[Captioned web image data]
####################
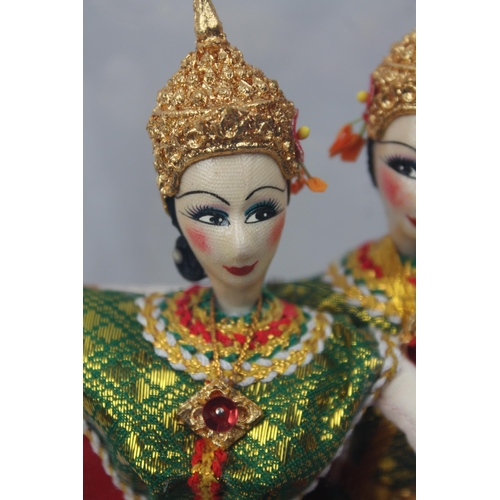 471 - Vintage Thai Dancer Statue Doll Sculpture in original box, 25 cm tall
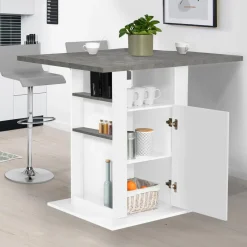 Îlot central cuisine plateau effet béton et bois blanc 110 cm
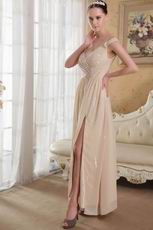 Top Designer V-neck Champagne Prom Dress With Side Split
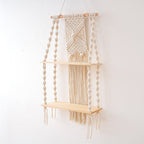 Decorative Macrame Wall Shelf Purple Off White | Kelmera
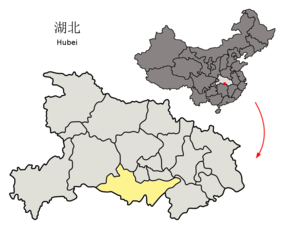 Jingzhous läge i Hubei, Kina.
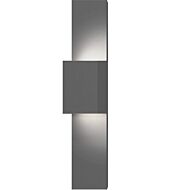 Sonneman Flat Box™ 2 Light 25 Inch Wall Sconce in Textured Gray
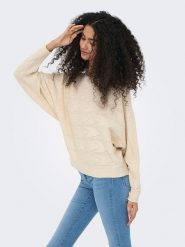 ONLY Sweter w kolorze kremowym rozmiar: L. Brązowe swetry Only, l, bez wzorów, bez ramiączek. Za 145.26 zł.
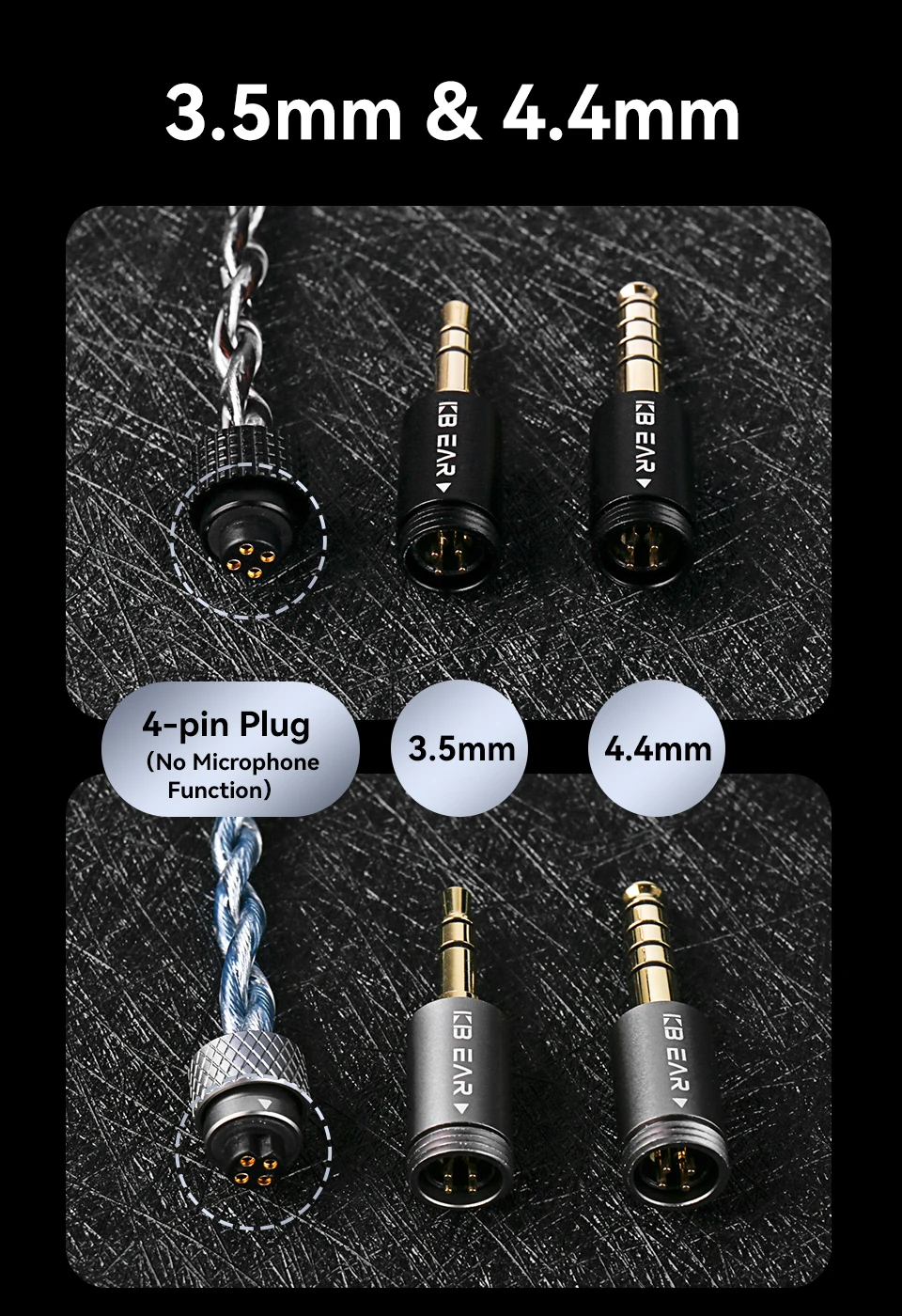 KBEAR P34 HiFi Earphone Upgrade Cable 5N OFC Silver-plated Headphone Cable With Interchangeable Plug Design For Wired Headset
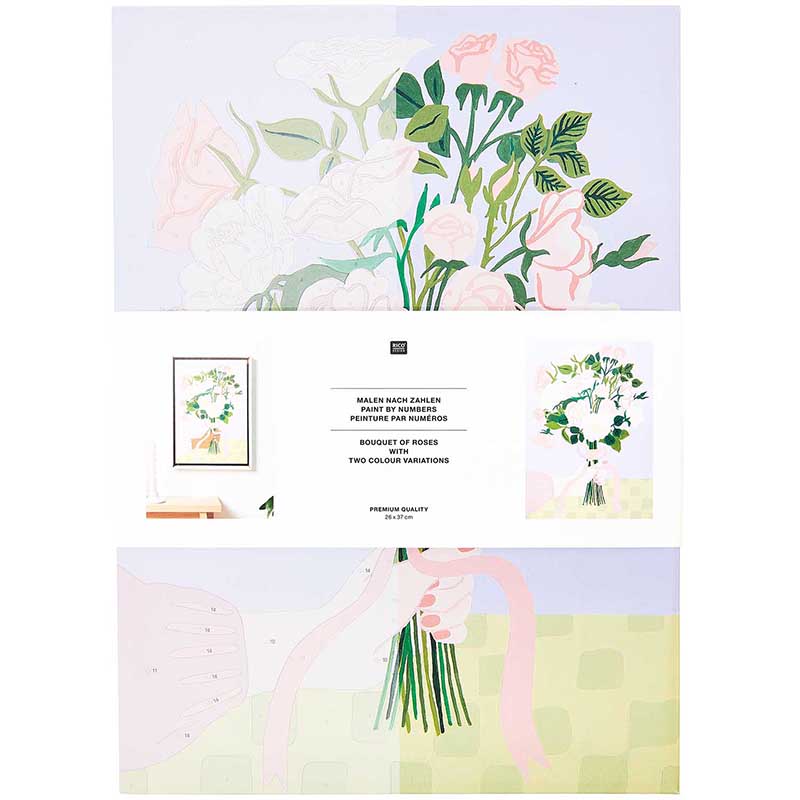 Image of Paint by numbers set RICO, Roses Bouquet, 26 x 37 cm, FSC 100% 800646 4065166076944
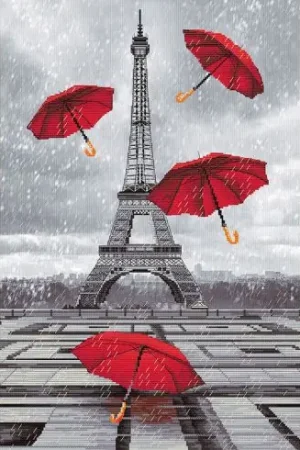 kit ricamo a punto croce - Piove a Parigi! - Nova Sloboda Più Venduto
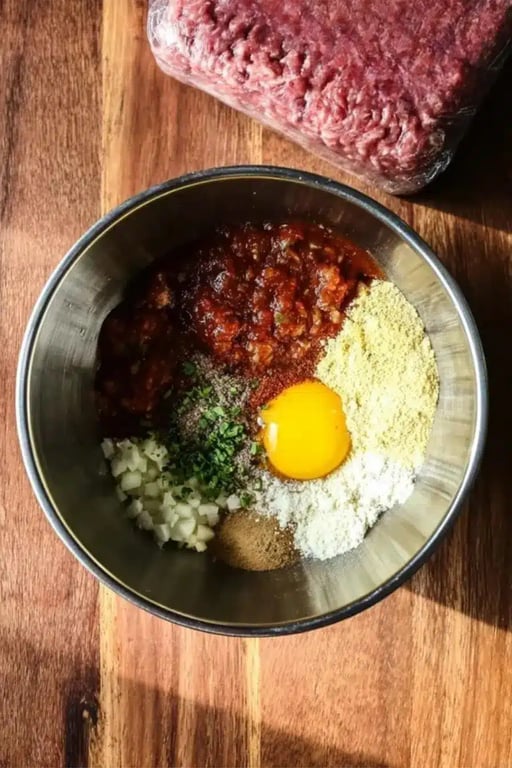 Keto meatloaf ingredients in mixing bowl with raw beef on counter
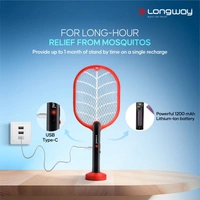 Longway Swatt Rechargeable Mosquito Racket | 3500V DC Voltage On The Net Mesh| Insect Killer Bat | 1200mAH Battery | Large Net Area For Better Coverage | Long Lasting Internal Battery | 6 Months Warranty (Black)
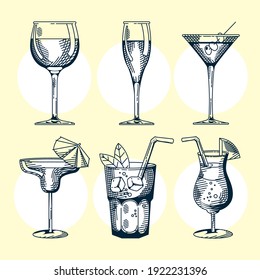 bundle of six drinks set icons vector illustration design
####################
[WHAT TO DO] No pictures should appear in the copy. Reproduce exactly the lines from the line containing "Decorative Macrame Wall" through the last line of the data, inclusive.

[RESPONSE TO THIS EXERCISE]
 Decorative Macrame Wall Shelf Purple Off White | Kelmera
 Jingzhous läge i Hubei, Kina.
 Sonneman Flat Box™ 2 Light 25 Inch Wall Sconce in Textured Gray
 ONLY Sweter w kolorze kremowym rozmiar: L. Brązowe swetry Only, l, bez wzorów, bez ramiączek. Za 145.26 zł.
 KBEAR P34 HiFi Earphone Upgrade Cable 5N OFC Silver-plated Headphone Cable With Interchangeable Plug Design For Wired Headset
 Image of Paint by numbers set RICO, Roses Bouquet, 26 x 37 cm, FSC 100% 800646 4065166076944
 kit ricamo a punto croce - Piove a Parigi! - Nova Sloboda Più Venduto
 Keto meatloaf ingredients in mixing bowl with raw beef on counter
 Longway Swatt Rechargeable Mosquito Racket | 3500V DC Voltage On The Net Mesh| Insect Killer Bat | 1200mAH Battery | Large Net Area For Better Coverage | Long Lasting Internal Battery | 6 Months Warranty (Black)
 bundle of six drinks set icons vector illustration design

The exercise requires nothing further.